Data Scraping off a Private Slack Channel
It has been a while since I published my 1st post, ‘TinyML Speech Recognition for Virtual Assistant, Part 1’. Before finishing part 2, I’d like to freshen up my blog with a mini Data Science project, ‘Slack Data Scraping’ from scartch for beginners with no experience required.
On the final day of my Data Science course, our class were invited out and got treated delicious milk shakes by our Lead Trainer, Dr Chaintanya Rao, an ex-Data Scientist & Researcher at IBM and Testra. He is going to become a lecturer at Melbourne University, Top 1 University of Australia next couple of months (A big congrats to you again if you are reading this post!). While waiting for our milk shakes to get done, Chaitanya asked for a volunteer to scrape all data off our Priviate Slack Channel, where we often shared and stored our learning materials. Even though I have only done data scraping for once or twice, while waiting for a raising hand in an odd almost sphere with eyes avoiding to look at each others, I decided to take this task upon to enhance my data scraping skill, and thats how I started the project.
What is Data Scraping?
Data scraping refers to a technique in which a computer program extracts data from output generated from a program. Conneting to an API or using Beautiful Soup library are the most 2 common methods for data scraping.

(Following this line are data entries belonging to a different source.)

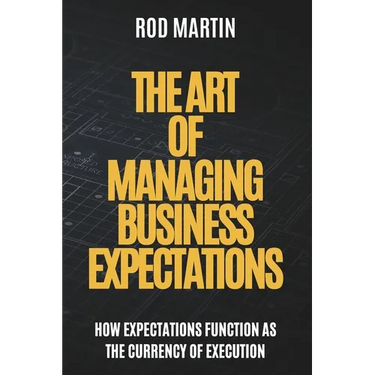 The Art of Managing Business Expectations: How Expectations Function as the Currency of Execution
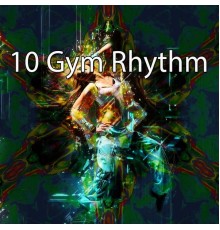 Dance Hits 2014 - 10 Gym Rhythm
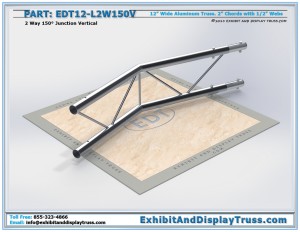 EDT12_L2W150V 12″ Wide 2 Way 150° Junction Vertical. Aluminum ladder (flat) truss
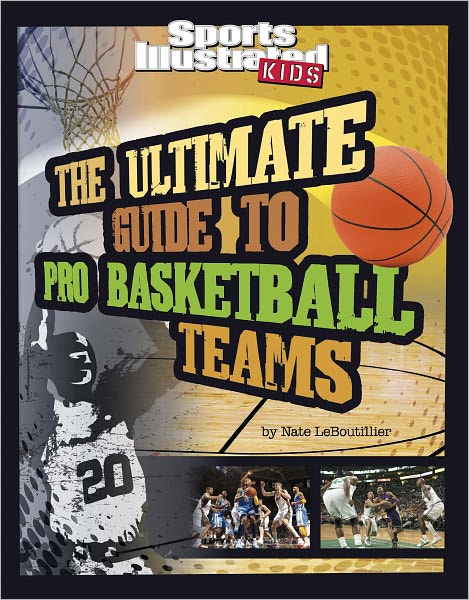 The Ultimate Guide to Pro Basketball Teams: Revised and Updated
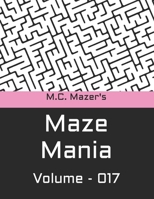 M.C. Mazer's Maze Mania: Volume 017 B0BW23B19S Book Cover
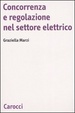 Cover of Concorrenza e regolazione nel settore elettrico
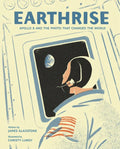 Earthrise: Apollo 8 and the Photo That Changed the World - Hardcover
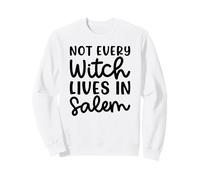 Not Every Witch Lives In Salem Halloween Spooky Cute Funny Sweatshirt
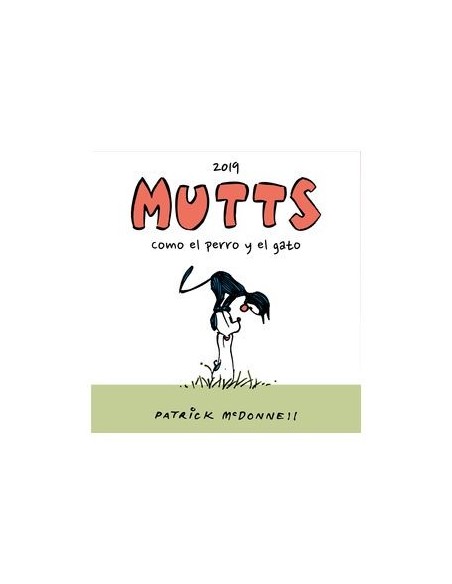 Mutts 2019 Como el perro y el gato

Has anyone else scraped data in different ways? I’m curious to hear how it worked for you. Share your experiences in the comments below!
Slack Data Scrapping
Slack is a cloud-based instant messaging application, which is commonly used as a communicating platform between co-workers. There are 3 types of channel: Public channels, Private channels, Direct messages. This post introduces how to scrape data off a Slack Private channel through API.
Before going through the steps below, it is a MUST to have a Slack account, which have joined at least 1 Slack Channel in order to start scraping data. If not, you need to complete it before continuing to read.
1. Signing in your current Slack account > Go to ‘https://api.slack.com/apps’ > Click on ‘Create New App’.
2. Filling up your ‘App_Name’ and choose the current ‘Slack Work Space’, where contains the channel that you’d like to scrap data from.
3. Go to ‘OAuth & Permissions’ > Under ‘Scopes’, click on ‘Add an OAuth Scope’ to ‘User Token Scopes’.
Scroll up and click ‘Install App to Work space’.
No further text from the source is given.